As we reported on 7 January the state of Guatemala was found to have so obstructed the progress of the case against those accused of the Dos Erres massacre that it constituted a denial of the right to justice. Following this verdict from the Interamerican Court of Human Rights the Guatemalan Supreme Court also spoke on 8 February. It has ordered that the case should continue its course through the courts, and that the arrest warrants for the 17 accused be followed
up. On 12 February news came through of two arrests of former kaibiles who are accused.
This case has been held back at every turn by the use of amparos, which are a sort of injunction requiring some point of law to be clarified, often up to the Constitutional Court. The net effect is to bog the process down in a litigious mud of the consistency familiar to those of us who are unfortunate to have got stuck on a road in the Peten in the rainy season. By the time of the Interamerican Court decision a record 40 amparos were pending.

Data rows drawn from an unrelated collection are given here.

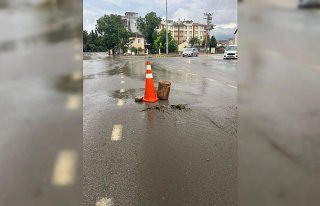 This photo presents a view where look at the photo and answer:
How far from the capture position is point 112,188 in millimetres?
2738

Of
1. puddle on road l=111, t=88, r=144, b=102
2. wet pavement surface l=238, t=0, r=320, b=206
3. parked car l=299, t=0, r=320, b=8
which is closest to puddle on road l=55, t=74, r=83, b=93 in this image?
wet pavement surface l=238, t=0, r=320, b=206

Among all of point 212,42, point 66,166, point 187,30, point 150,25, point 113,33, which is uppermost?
point 187,30

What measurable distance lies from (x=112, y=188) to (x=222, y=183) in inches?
38.4

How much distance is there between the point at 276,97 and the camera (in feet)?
4.19

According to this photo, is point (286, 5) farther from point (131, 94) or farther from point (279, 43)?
point (131, 94)

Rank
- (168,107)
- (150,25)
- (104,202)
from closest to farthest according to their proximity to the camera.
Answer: (104,202) < (168,107) < (150,25)

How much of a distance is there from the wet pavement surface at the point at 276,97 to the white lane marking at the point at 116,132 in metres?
3.02

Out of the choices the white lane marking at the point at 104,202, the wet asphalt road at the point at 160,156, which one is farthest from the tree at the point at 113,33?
the white lane marking at the point at 104,202

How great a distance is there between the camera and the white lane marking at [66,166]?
4.19 ft

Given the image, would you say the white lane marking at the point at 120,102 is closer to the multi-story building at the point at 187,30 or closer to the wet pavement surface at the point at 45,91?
the wet pavement surface at the point at 45,91

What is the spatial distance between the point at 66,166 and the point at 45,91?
0.31 metres

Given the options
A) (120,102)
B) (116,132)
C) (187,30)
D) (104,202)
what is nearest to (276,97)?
(104,202)

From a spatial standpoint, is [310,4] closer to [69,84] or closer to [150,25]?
[69,84]

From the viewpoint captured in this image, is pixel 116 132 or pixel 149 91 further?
pixel 149 91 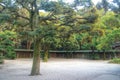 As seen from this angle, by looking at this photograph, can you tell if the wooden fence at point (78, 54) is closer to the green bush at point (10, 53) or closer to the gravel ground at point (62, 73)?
the green bush at point (10, 53)

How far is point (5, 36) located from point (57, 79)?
605 inches

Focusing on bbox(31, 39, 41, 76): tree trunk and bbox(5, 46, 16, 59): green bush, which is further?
bbox(5, 46, 16, 59): green bush

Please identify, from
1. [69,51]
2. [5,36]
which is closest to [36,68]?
[5,36]

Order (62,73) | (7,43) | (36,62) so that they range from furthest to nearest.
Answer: (7,43) < (62,73) < (36,62)

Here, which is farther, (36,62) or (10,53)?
(10,53)

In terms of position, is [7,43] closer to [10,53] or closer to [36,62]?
[10,53]

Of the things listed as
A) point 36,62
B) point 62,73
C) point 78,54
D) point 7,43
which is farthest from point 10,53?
point 36,62

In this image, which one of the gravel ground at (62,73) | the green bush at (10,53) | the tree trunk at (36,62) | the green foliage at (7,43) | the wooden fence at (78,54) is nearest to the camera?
A: the gravel ground at (62,73)

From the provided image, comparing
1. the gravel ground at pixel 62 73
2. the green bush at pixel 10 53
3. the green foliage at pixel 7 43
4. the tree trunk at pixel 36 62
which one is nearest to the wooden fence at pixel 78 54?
the green bush at pixel 10 53

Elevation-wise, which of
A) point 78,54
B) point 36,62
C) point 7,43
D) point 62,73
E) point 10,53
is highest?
point 7,43

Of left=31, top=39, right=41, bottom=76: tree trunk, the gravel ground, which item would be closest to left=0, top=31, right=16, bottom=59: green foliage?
the gravel ground

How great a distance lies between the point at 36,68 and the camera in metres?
19.3

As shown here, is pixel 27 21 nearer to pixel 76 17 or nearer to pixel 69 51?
pixel 76 17

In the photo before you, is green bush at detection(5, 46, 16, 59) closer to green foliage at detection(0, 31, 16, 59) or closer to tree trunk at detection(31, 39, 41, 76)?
green foliage at detection(0, 31, 16, 59) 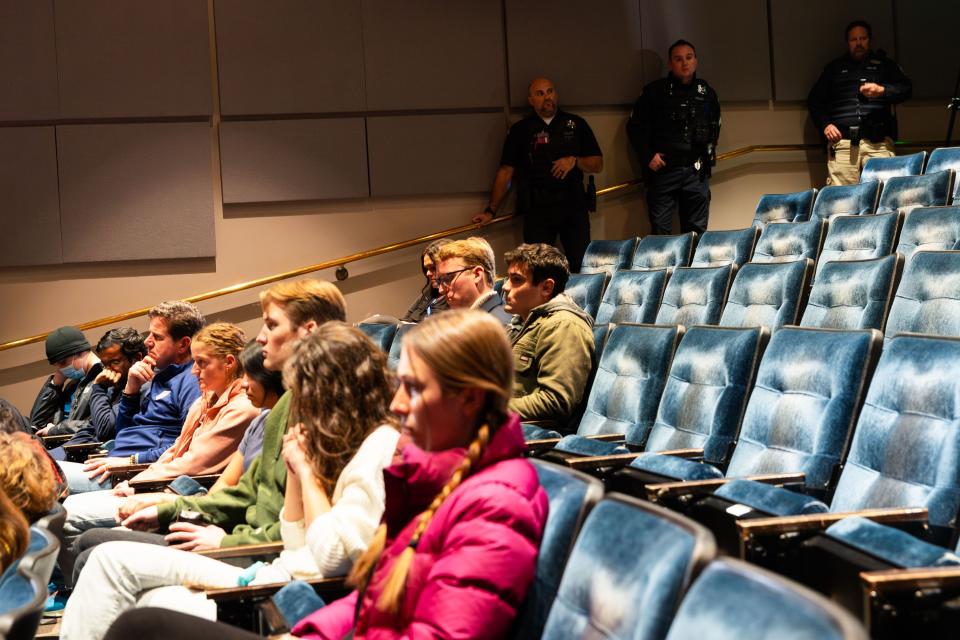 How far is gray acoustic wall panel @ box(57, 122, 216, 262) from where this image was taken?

FAMDEGUA, the Association of the Families of the Detained and Disappeared in Guatemala, has been closely associated with this case for years. They promoted the exhumation of the site and brought the case in the Interamerican Court. In a statement from FAMDEGUA and other organisations, attached (only in Spanish at the moment – English shortly), the organisation welcomes the Supreme Courts action and demands that the various organs of the state now fulfil their duties to the victims by capturing the accused and letting the case proceed.
FAMDEGUA has now waited 27 years for justice – and their long wait has not been without risk to themselves, as their office was attackedin broad daylight in 2000 by several armed men. Let’s hope that at last we have reached the beginning of the end and not just more endless beginning.